Il pretesto, dunque, di creare insieme un ritratto di peculiare significato si dispone come base e sviluppo progressivo del racconto, anche se l’impronta narrativa si srotola e si incardina soprattutto ad una sarabanda di gesti, di trasgressioni smodate, di vizi e stravizi (tabagismo, eccessi sessuali, disordine comportamentale, dissipazioni). Fulcro e motore di una tale vita allo sbando, compaiono poi il fratello dell’artista oltre la moglie e l’amante trascinati in una quotidianità dispendiosa. E se Giacometti esce in questa ricostruzione secondo un’immagine anche vistosamente esagerata, il senso che Tucci vuole dare al proprio film si dimostra qui dettata soprattutto da un’idea di spaesamento, di inappagata sete di perfezione, dell’irriducibile ansia di verità, appunto, di Giacometti.

Final Portrait si presenta quindi come un’apologia conclamata dell’artista geniale che, al di là di ogni regola o statuizione moralistica, rivendica ancora e sempre l’irriducibile ragione della libertà creativa. E per ribadire inequivocabilmente tanta illuminazione, Stanley Tucci, da quell’attore e regista avveduto che è, ha puntato risolutamente su due componenti essenziali: una raffigurazione costantemente tenuta sul piano di una sobria suggestione visuale (con un décor ambientale semplice e preciso) e una distribuzione degli interpreti del tutto azzeccata: Geoffrey Rush nel ruolo di Giacometti profonde perle di sapienza scenica superlativa, mentre i comprimari nelle parti di supporto si prodigano con ammirevole misura.
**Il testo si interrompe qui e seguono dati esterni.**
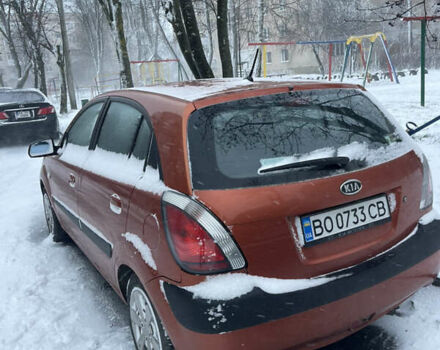 Оранжевый Киа Рио, объемом двигателя 1.4 л и пробегом 232 тыс. км за 4650 $, фото 2 на Automoto.ua
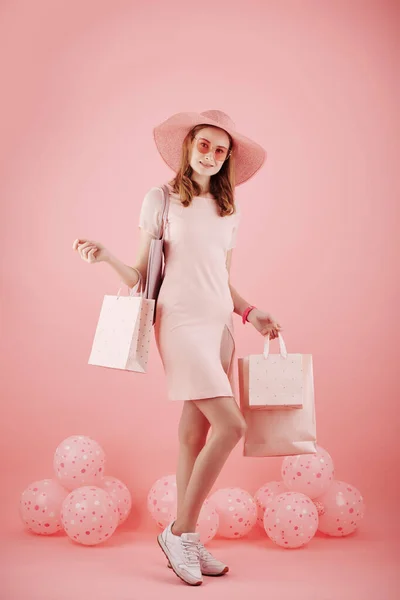 Portrait Pretty Smiling Young Woman Hat Pink Sunglasses Holding Shopping — Stock Photo, Image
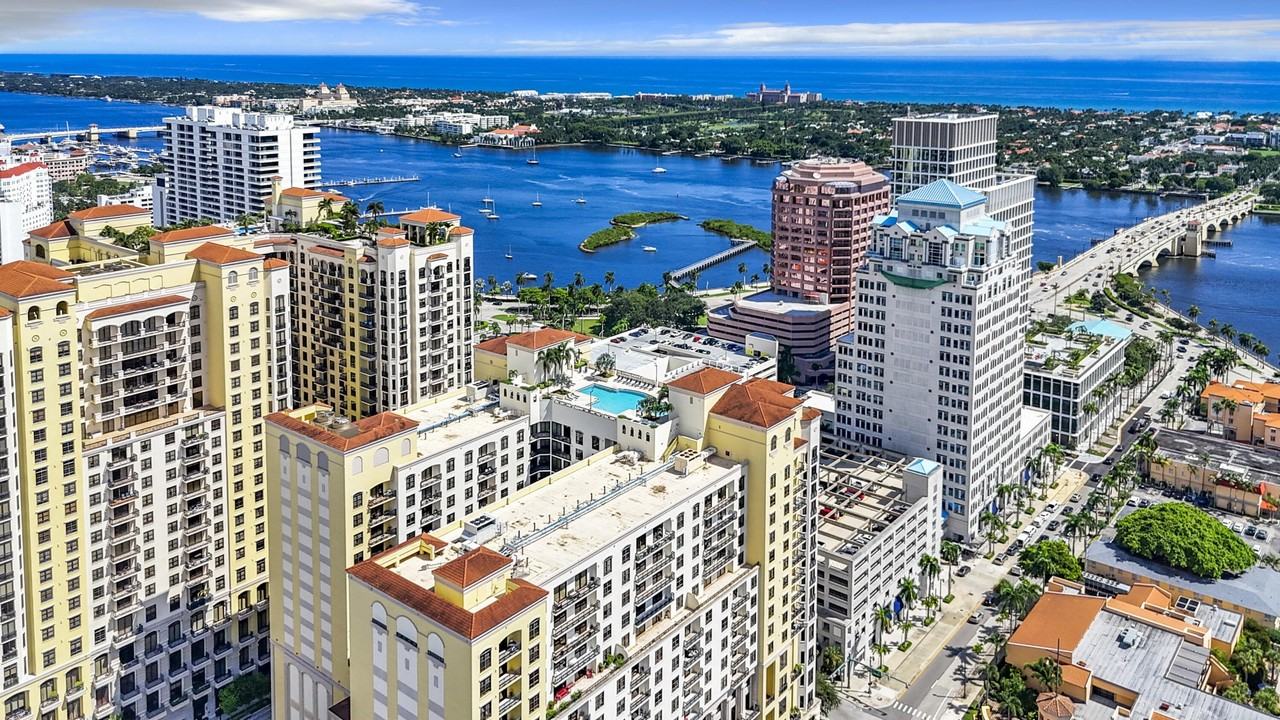 801 S Olive Ave Unit 413 - Photo 2 of 43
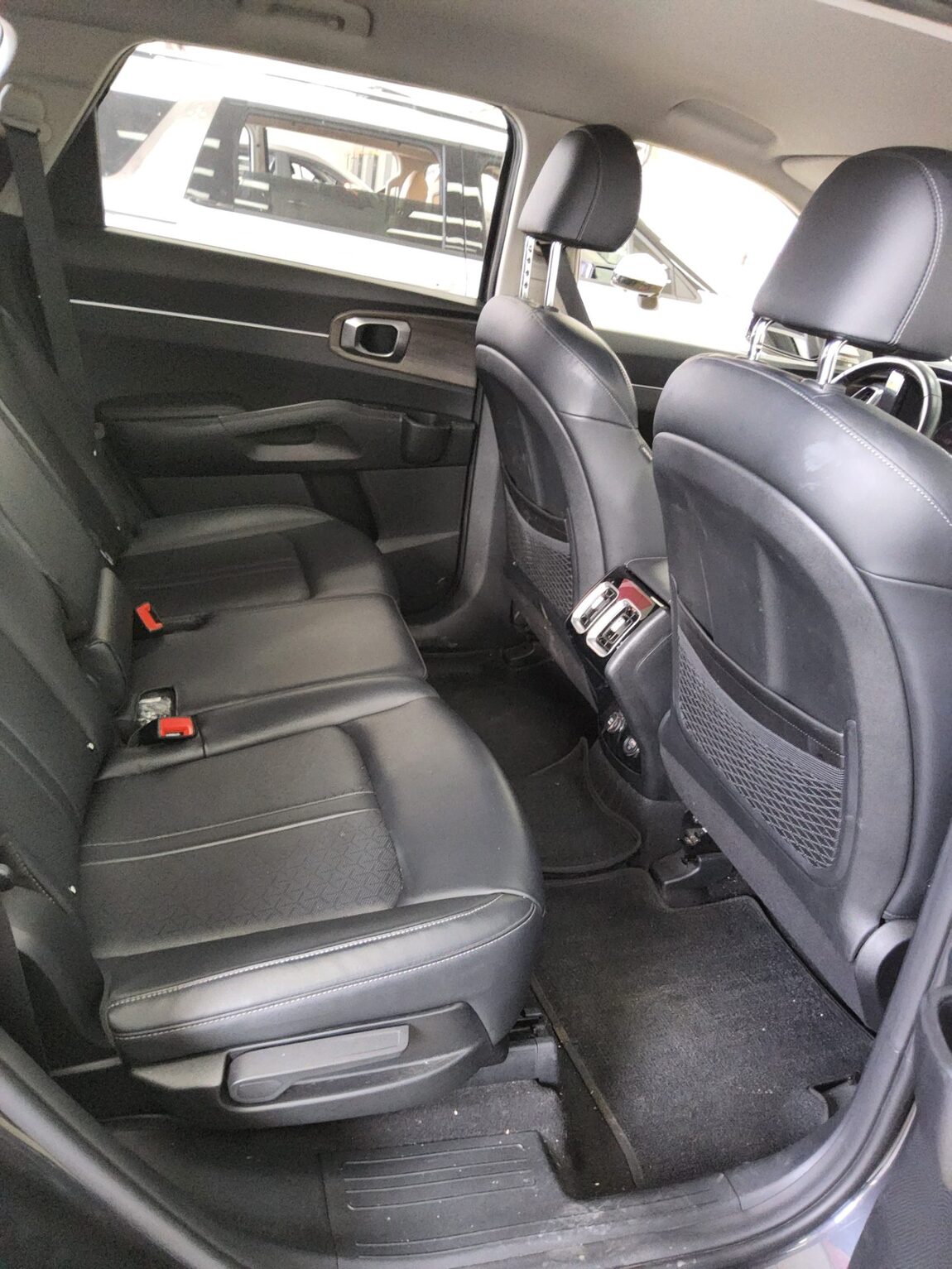 KIA NEW SORENTO (MQ4) 2.2 DIESEL 2WD PRESTIGE 2022 - zdjęcie 13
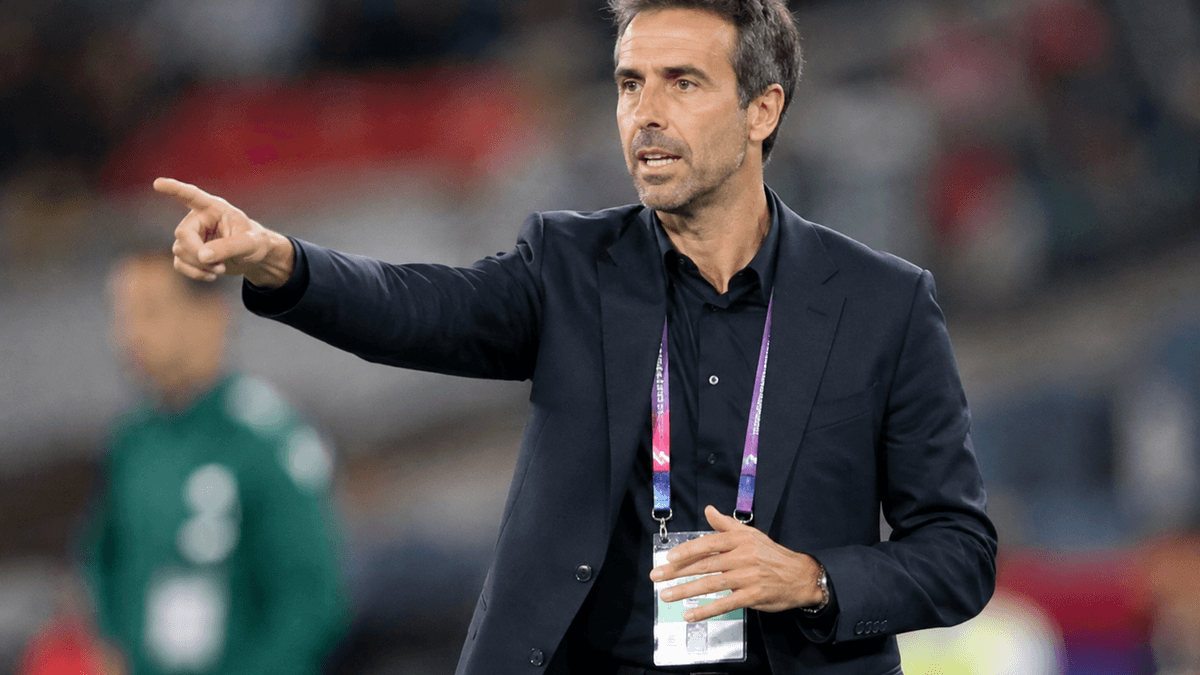 El francés Eric Blahic durante su primera concentración al frente de la selección femenina de Marruecos.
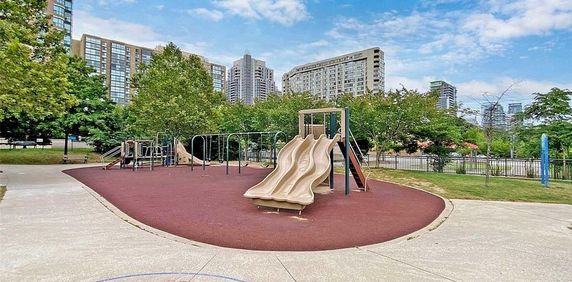 For Lease - 509 Beecroft Road Unit# 1602, Toronto, Ontario - Photo 2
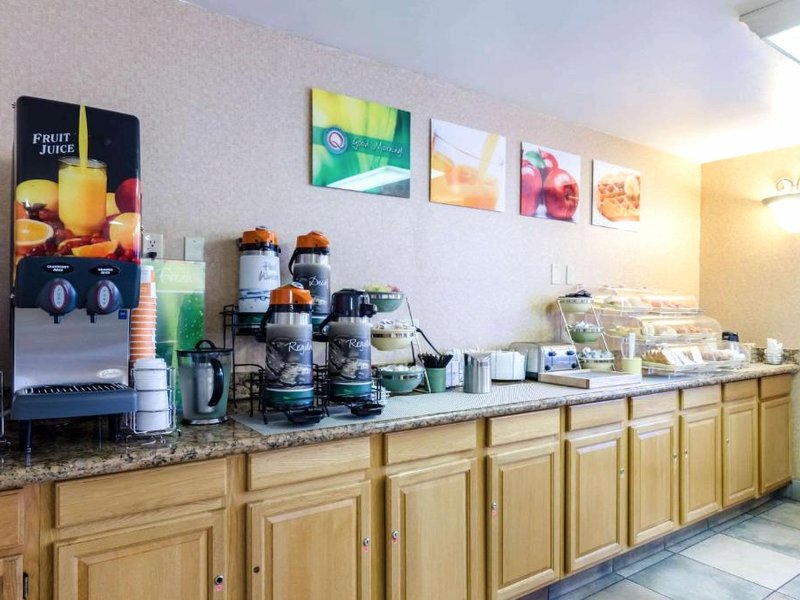 Quality Inn Chicopee-Springfieldの写真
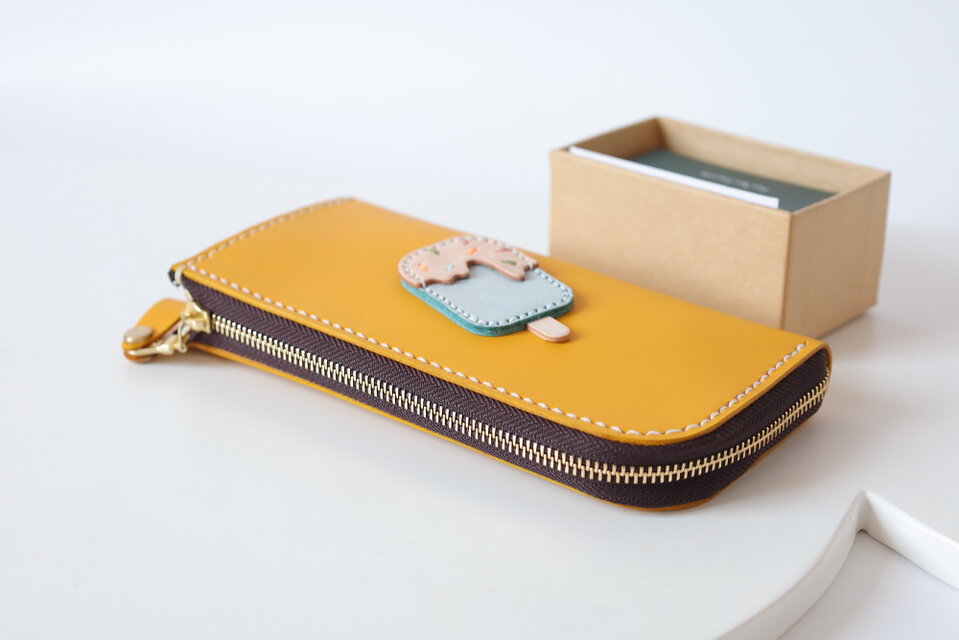 ハンドメイド L字ファスナー 長財布 DD缶バッジ付き☆。.:＊・゜ ハンドメイド L字ファスナー 長財布 DD缶バッジ付き☆。.:＊・゜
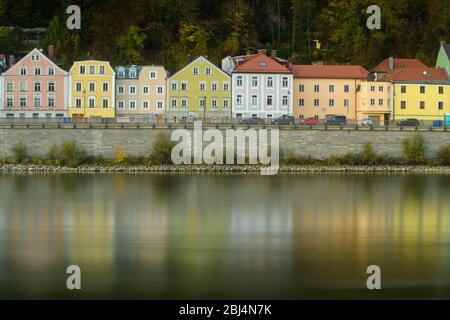 Donau-Uferhäuser, Passau, Bayern, Deutschland Stockfoto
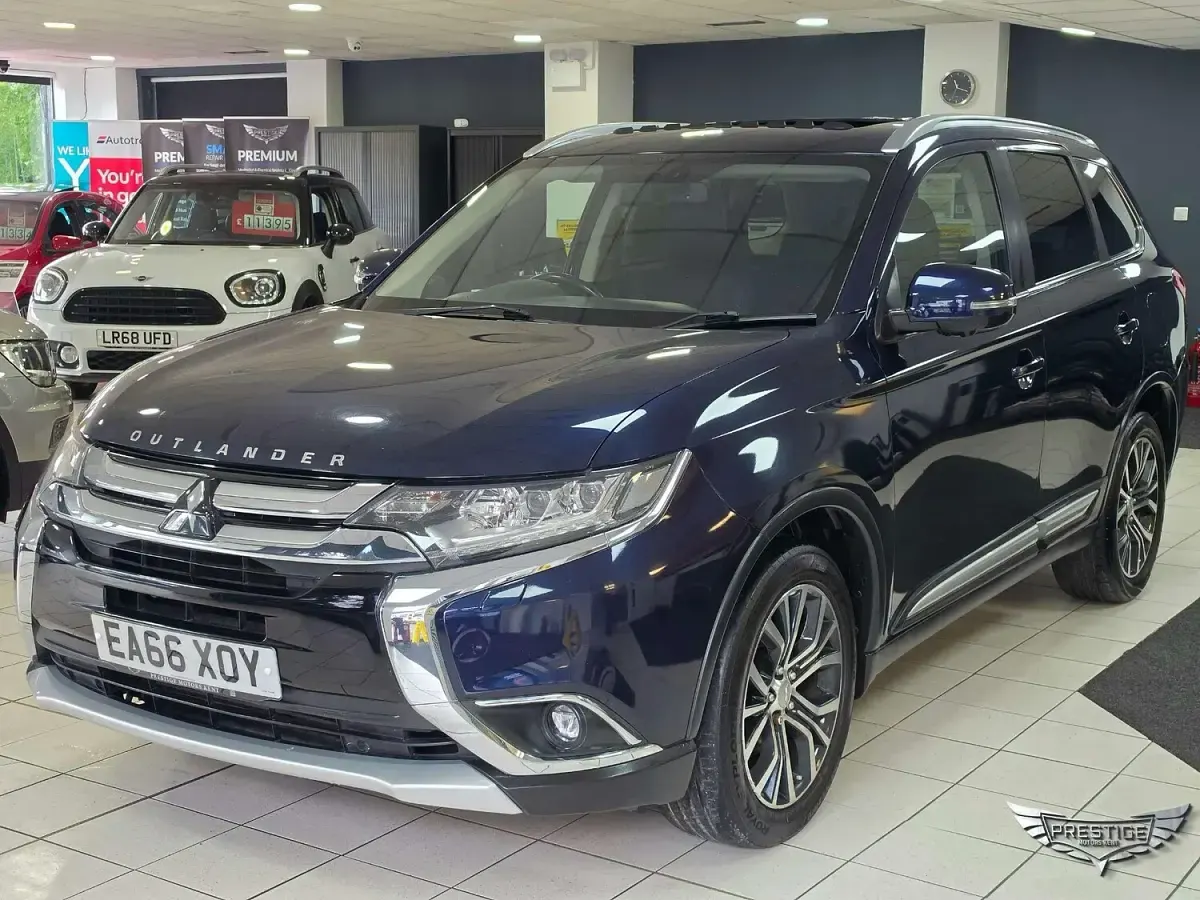 Used Mitsubishi Outlander 150 HP (110 kW) 2016 Blue SUV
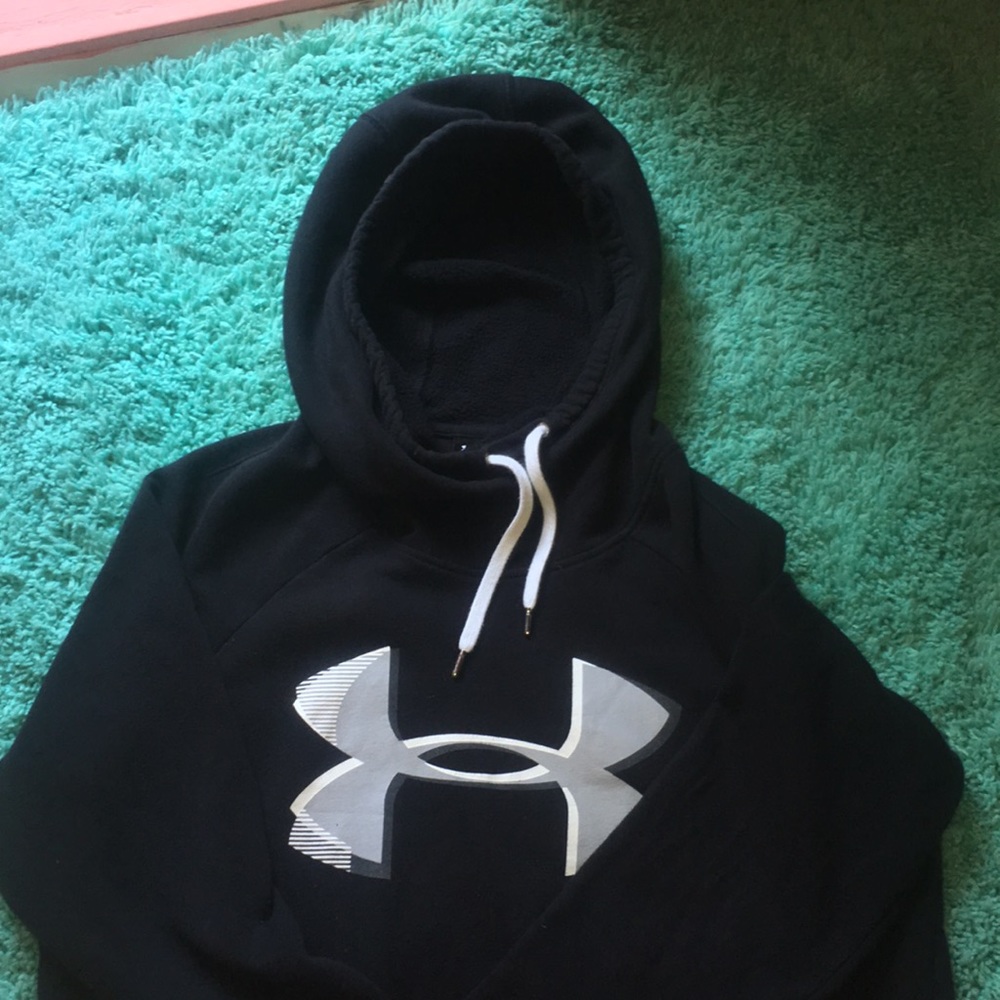 UNDER ARMOUR HOODIE!! 💖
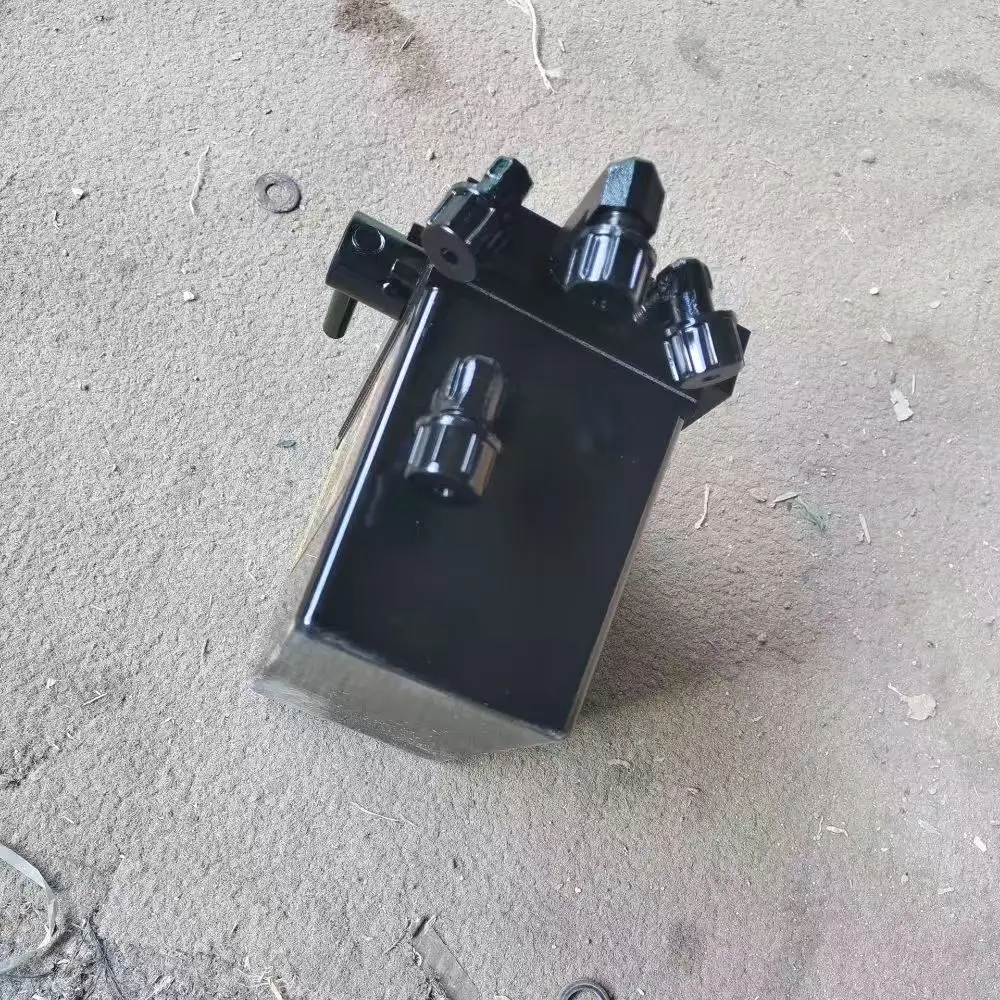 Jiefang JH6 New Cab Lifting Cylinder Lifting Oil Pump A1546 Electric Hydraulic Top Pump Original Vehicle Matching
Jiefang JH6 New Cab Lifting Cylinder Lifting Oil Pump A1546 Electric Hydraulic Top Pump Original Vehicle Matching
Final Portrait nel complesso si può ritenere un ottimo lungometraggio che pur con qualche zona d’ombra e qualche indugio istrionico attesta sul terreno drammaturgico una pur reversibile constatazione. Il talento geniale è, sicuramente, importante, anche se l’attitudine dissipatrice spesso imbriglia lo slancio innovatore più temerario.